» EXERCISE OBJECTIVE: The full listing, written out exactly and without images, is the expected result.

» SOURCE MATERIAL:
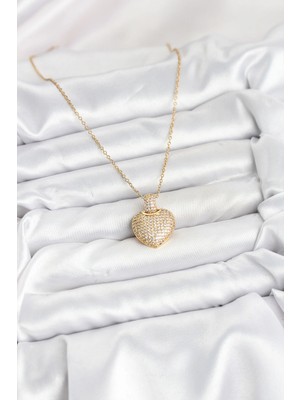 Fun And Market Buğz 316L Çelik Zincir Gold Renk Zirkon Taşlı Kalpli Kadın Kolye - Buğz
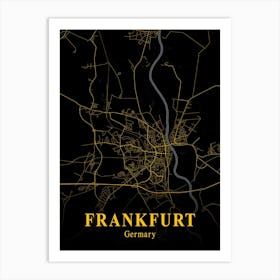 Frankfurt Gold City Map 1 Art Print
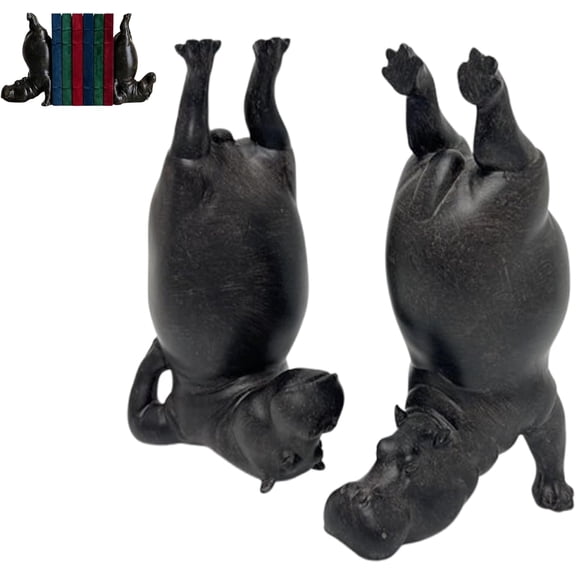 Hippo Bookends – Funny Resin Yoga Hippo Statue for Heavy Bookshelf Home Office Decor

» WORKED SOLUTION:
 Fun And Market Buğz 316L Çelik Zincir Gold Renk Zirkon Taşlı Kalpli Kadın Kolye - Buğz
 Frankfurt Gold City Map 1 Art Print
 Hippo Bookends – Funny Resin Yoga Hippo Statue for Heavy Bookshelf Home Office Decor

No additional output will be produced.